Brick-Diffusion: Generating Long Videos with Brick-to-Wall Denoising
Yunlong Yuan, Yuanfan Guo, Chunwei Wang, Hang Xu, Li Zhang
TL;DR
This work tackles long video generation with pre-trained short diffusion models in a training-free setting. It introduces Brick-Diffusion and its brick-to-wall denoising, which slices latents into short segments and denoises them while shifting with a stride to promote cross-segment communication. The authors provide detailed procedures for latent slicing, offset computation, and parallelized denoising, and validate the method against several baselines on VBench, showing improved overall fidelity and dynamics. The approach enables scalable, high-quality long-video synthesis without fine-tuning, with practical implications for content creation and simulation.
Abstract
Recent advances in diffusion models have greatly improved text-driven video generation.

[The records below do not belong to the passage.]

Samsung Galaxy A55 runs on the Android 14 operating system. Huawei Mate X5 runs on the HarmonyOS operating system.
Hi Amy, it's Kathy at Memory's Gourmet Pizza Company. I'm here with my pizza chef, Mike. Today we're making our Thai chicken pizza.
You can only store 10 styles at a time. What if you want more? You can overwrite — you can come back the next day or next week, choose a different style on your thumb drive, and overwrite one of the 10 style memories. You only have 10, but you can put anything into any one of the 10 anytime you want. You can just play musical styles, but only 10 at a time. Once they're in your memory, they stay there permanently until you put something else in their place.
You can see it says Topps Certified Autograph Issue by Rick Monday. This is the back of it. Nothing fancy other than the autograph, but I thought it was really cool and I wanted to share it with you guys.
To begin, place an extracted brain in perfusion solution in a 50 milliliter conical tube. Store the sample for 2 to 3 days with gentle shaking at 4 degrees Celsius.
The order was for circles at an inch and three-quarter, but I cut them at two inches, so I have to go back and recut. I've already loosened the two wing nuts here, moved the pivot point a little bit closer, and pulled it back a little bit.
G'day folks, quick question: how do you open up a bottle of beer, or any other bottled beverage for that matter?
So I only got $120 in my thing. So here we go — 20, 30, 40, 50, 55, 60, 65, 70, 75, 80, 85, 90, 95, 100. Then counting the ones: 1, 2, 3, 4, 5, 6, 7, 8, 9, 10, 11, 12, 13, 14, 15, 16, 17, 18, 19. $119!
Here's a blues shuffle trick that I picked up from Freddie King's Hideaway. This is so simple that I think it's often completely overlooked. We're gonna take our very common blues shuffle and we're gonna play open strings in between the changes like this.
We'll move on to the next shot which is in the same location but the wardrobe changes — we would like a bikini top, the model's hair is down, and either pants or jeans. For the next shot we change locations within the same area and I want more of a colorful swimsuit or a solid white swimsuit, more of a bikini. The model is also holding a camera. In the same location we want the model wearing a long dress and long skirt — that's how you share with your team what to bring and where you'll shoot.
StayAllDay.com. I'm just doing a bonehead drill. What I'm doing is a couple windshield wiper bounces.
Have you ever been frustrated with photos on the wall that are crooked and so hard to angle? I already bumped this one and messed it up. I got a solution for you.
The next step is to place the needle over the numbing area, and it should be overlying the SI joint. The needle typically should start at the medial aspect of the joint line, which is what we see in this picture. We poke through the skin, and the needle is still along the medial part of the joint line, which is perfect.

However, training models for long video generation demands significant computational power and extensive data, leading most video diffusion models to be limited to a small number of frames. Existing training-free methods that attempt to generate long videos using pre-trained short video diffusion models often struggle with issues such as insufficient motion dynamics and degraded video fidelity. In this paper, we present Brick-Diffusion, a novel, training-free approach capable of generating long videos of arbitrary length. Our method introduces a brick-to-wall denoising strategy, where the latent is denoised in segments, with a stride applied in subsequent iterations. This process mimics the construction of a staggered brick wall, where each brick represents a denoised segment, enabling communication between frames and improving overall video quality. Through quantitative and qualitative evaluations, we demonstrate that Brick-Diffusion outperforms existing baseline methods in generating high-fidelity videos.